Pigment of imagination
Teacher Clare Morrall was in the middle of a piano lesson with nine-year-old Angus McDonnell when she heard her novel had been shortlisted for the Man Booker prize.
"Congratulations," he said. Then they carried on with the remaining half-hour of the lesson.
"Angus was very sweet," said Mrs Morrall, 51, who teaches piano, violin and music theory at Blue Coat preparatory school in Birmingham. "I had said I might get a phone call about the book, he said 'let's hope you get on the shortlist'."
Her book Astonishing Splashes of Colour is the story of Kitty Wellington, who sees emotions as colours and is struggling to accept the death of her baby son.
It is her fifth novel - the previous four are unpublished - and it was rejected by 33 agents before being taken on by the tiny Birmingham-based-publishers Tindal Street Press. "I was thrilled when it was published," said Mrs Morrall.

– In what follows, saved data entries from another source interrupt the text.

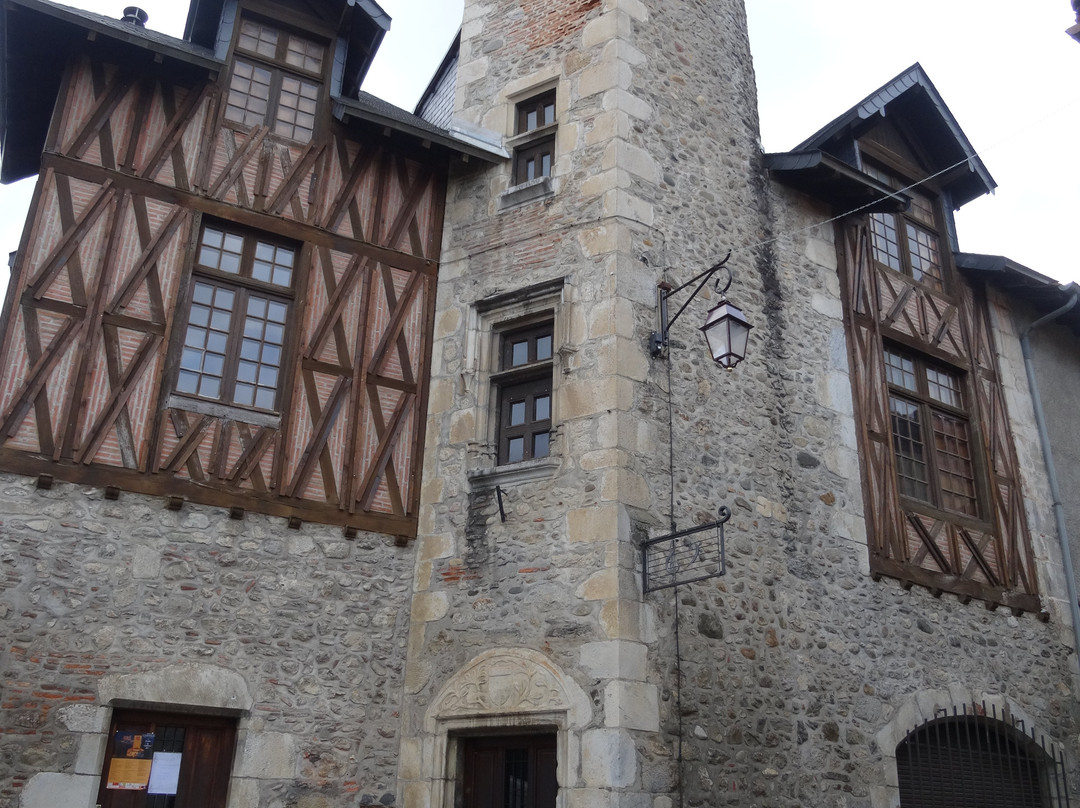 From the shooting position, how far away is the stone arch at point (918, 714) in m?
7.27

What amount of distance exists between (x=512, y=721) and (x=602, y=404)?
7.15ft

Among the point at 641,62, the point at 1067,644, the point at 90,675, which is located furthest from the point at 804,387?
the point at 90,675

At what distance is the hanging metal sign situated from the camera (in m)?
6.48

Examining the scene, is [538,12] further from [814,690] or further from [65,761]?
[65,761]

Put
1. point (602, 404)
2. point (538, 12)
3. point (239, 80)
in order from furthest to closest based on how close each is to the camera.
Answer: point (538, 12) → point (239, 80) → point (602, 404)

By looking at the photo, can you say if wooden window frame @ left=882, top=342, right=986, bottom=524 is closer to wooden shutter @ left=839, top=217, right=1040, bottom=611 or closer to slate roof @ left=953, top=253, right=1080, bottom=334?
wooden shutter @ left=839, top=217, right=1040, bottom=611

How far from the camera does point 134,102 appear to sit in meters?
7.56

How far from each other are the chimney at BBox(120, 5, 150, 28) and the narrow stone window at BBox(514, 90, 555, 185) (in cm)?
338

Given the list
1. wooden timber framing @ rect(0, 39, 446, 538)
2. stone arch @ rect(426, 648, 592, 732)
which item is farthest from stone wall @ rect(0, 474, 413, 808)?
stone arch @ rect(426, 648, 592, 732)

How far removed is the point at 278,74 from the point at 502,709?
5.37 metres

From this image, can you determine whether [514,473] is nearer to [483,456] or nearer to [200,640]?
[483,456]

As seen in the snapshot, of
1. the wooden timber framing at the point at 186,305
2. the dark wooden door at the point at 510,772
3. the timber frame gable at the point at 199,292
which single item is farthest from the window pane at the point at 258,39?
the dark wooden door at the point at 510,772

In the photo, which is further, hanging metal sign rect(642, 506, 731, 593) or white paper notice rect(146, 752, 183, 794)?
hanging metal sign rect(642, 506, 731, 593)

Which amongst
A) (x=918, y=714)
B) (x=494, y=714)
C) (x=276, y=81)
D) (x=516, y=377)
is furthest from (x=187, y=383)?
(x=918, y=714) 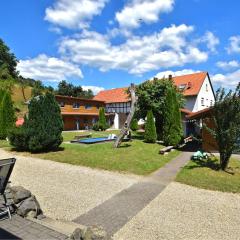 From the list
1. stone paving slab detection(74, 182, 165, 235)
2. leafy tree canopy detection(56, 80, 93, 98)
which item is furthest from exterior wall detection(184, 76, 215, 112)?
leafy tree canopy detection(56, 80, 93, 98)

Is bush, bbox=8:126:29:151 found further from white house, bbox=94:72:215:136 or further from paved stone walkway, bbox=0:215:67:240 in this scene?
white house, bbox=94:72:215:136

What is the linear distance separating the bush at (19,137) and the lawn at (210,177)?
29.7ft

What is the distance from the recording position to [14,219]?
5.74m

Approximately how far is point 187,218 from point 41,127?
37.4 feet

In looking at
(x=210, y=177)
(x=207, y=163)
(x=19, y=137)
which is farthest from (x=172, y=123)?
(x=19, y=137)

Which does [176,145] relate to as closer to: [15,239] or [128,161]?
[128,161]

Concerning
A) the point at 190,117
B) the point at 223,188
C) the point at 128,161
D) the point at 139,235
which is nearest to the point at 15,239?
the point at 139,235

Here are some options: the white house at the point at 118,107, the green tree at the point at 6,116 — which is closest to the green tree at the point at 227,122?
the green tree at the point at 6,116

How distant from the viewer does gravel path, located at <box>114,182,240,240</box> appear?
5.73 meters

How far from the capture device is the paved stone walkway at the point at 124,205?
631cm

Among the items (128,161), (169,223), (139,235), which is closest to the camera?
(139,235)

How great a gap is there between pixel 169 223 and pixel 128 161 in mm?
7618

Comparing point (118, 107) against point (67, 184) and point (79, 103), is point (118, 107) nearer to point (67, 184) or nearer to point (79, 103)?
point (79, 103)

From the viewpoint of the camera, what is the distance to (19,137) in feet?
52.7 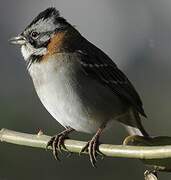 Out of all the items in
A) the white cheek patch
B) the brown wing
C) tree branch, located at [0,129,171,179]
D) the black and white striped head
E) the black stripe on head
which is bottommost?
the brown wing

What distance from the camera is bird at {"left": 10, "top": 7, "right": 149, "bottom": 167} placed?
17.1 feet

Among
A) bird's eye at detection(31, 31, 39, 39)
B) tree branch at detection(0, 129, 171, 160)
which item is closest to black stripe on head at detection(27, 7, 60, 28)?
bird's eye at detection(31, 31, 39, 39)

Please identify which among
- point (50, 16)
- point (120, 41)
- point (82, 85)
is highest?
point (50, 16)

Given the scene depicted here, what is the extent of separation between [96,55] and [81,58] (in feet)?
0.74

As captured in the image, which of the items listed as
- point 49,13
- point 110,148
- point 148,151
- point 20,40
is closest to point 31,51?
point 20,40

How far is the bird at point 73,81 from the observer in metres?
5.21

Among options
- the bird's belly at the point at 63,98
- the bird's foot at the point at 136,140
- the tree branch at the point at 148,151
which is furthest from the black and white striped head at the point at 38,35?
the bird's foot at the point at 136,140

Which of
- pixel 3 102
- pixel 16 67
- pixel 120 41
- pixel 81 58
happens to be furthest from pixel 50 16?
pixel 120 41

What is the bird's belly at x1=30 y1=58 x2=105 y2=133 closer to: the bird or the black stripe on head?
the bird

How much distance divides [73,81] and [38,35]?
39 centimetres

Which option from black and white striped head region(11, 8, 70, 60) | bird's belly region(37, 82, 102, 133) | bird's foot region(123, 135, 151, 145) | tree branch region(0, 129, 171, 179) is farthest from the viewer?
black and white striped head region(11, 8, 70, 60)

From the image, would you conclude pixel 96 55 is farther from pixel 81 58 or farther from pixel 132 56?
pixel 132 56

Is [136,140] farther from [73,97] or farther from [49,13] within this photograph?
[49,13]

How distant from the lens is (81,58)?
5.46 metres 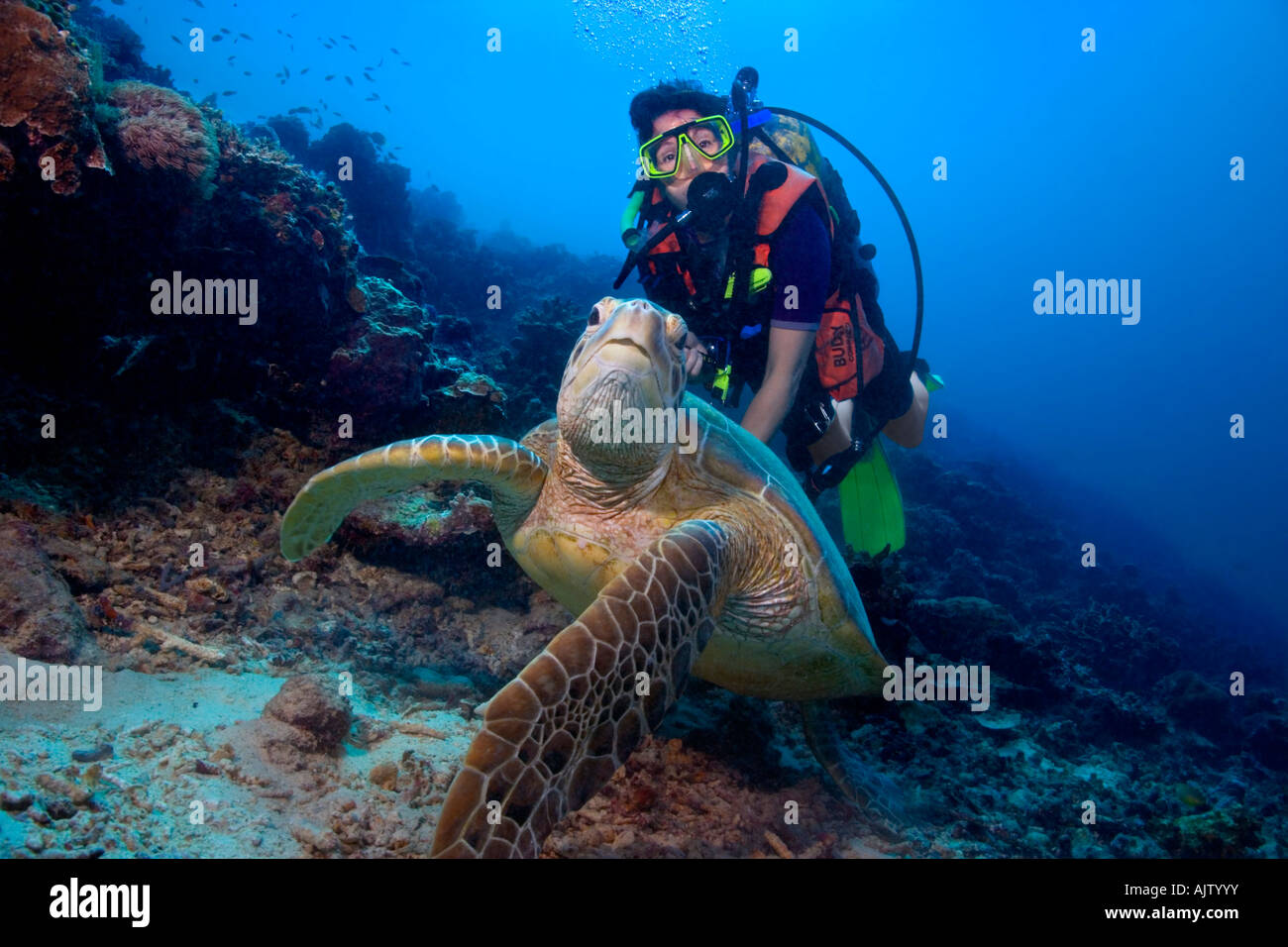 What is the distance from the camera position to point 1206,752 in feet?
26.9

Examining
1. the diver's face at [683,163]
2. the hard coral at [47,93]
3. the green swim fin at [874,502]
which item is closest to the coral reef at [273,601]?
the hard coral at [47,93]

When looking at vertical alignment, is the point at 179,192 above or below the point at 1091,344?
below

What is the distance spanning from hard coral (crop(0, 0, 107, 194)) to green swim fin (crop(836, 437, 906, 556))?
727cm

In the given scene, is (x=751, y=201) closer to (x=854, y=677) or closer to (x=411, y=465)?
(x=411, y=465)

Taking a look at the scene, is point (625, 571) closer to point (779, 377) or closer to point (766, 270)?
point (779, 377)

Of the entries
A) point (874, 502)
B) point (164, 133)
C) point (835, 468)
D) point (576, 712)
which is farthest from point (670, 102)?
point (576, 712)

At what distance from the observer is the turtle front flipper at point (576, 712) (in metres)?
1.62

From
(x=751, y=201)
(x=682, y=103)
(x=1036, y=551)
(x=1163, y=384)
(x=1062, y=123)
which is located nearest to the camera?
(x=751, y=201)

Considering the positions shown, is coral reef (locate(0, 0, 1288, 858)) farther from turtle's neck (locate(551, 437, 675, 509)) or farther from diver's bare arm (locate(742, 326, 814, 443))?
diver's bare arm (locate(742, 326, 814, 443))

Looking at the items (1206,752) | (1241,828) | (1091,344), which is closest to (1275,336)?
(1091,344)

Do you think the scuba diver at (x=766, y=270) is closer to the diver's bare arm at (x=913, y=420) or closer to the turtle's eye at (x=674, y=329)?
the diver's bare arm at (x=913, y=420)

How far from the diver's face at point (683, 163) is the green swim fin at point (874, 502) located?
3.79 metres

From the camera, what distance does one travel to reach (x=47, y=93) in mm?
3344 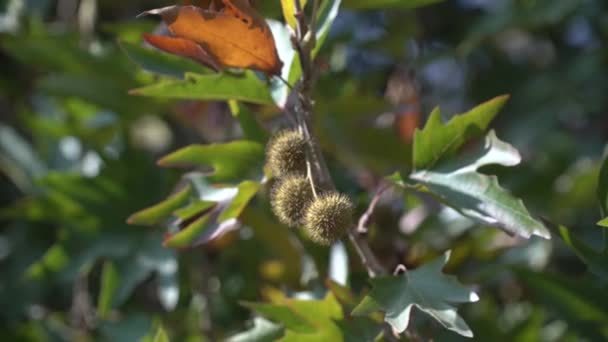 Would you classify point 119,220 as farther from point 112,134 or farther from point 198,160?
point 198,160

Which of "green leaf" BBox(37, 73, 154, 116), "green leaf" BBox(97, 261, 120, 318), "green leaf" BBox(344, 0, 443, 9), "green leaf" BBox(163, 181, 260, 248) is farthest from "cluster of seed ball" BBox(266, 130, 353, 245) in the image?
"green leaf" BBox(37, 73, 154, 116)

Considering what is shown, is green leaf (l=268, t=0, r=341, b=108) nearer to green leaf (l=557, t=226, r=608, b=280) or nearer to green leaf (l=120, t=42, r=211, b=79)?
green leaf (l=120, t=42, r=211, b=79)

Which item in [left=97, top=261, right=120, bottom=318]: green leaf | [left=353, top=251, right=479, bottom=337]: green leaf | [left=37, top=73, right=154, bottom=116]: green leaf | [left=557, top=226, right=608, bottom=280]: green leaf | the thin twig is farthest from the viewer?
[left=37, top=73, right=154, bottom=116]: green leaf

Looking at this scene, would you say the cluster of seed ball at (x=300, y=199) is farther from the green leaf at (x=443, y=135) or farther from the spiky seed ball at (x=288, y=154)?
the green leaf at (x=443, y=135)

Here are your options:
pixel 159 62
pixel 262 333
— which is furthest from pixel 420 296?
pixel 159 62

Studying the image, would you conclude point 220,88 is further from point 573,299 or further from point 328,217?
point 573,299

Now her book will compete for the pound;50,000 prize with Brick Lane by Monica Ali, the latest publishing wunderkind, Vernon God Little by DBC Pierre, Oryx and Crake by Margaret Atwood, Notes on a Scandal by Zo Heller (about a doomed teacher-pupil relationship) and The Good Doctor by Damon Galgut.
Mrs Morrall, who is self-employed, has been teaching and writing novels for about 20 years. She wrote her book in free periods between lessons and at weekends.
"I did try writing in the music room at school, but you get distracted because there are other things that need doing," she said.
"Then one of the mums offered me a room in her house nearby so I could write there. I've been going there for about four years."
Mrs Morrall was born in Exeter and moved to Birmingham to do a music degree. She began teaching individual children and gradually gave more lessons at Blue Coat school. She has a son, aged 25, and a daughter, aged 23.
"I gain a lot of insight through teaching, about children and adults motives, the way they do things," said Mrs Morrall.
"I don't think I'd like to give it up, although I do get very tired. I'm very fond of the children I teach and it keeps me in contact with the real world, which is not a bad thing."
Astonishing Splashes of Colour
At 3.15 every weekday afternoon, I become anonymous in a crowd of parents and child-minders congregating outside the school gates. To me, waiting for children to come out of school is a quintessential act of motherhood. I see the mums - and the occasional dads - as yellow people. Yellow as the sun, a daffodil, the submarine. But why do we teach children to paint the sun yellow? It's a deception. The sun is white-hot, brilliant, impossible to see with the naked eye, so why do we confuse brightness with yellow?
The people outside the school gates are yellow because of their optimism.
There's a picture in my mind of morning in a kitchen, the sun shining past yellow gingham curtains on to a wooden table, where the children sit and eat breakfast. Their arms are firm and round, their hair still tangled from sleep. They eat Coco Pops, drink milk and ask for chocolate biscuits in their lunchboxes. It's the morning of their lives, and their mums are reliving that morning with them.
After six weeks of waiting, I'm beginning to recognise individuals, to separate them from the all-embracing yellow mass. They smile with recognition when I arrive now and nearly include me in their conversations.
I don't say anything, but I like to listen.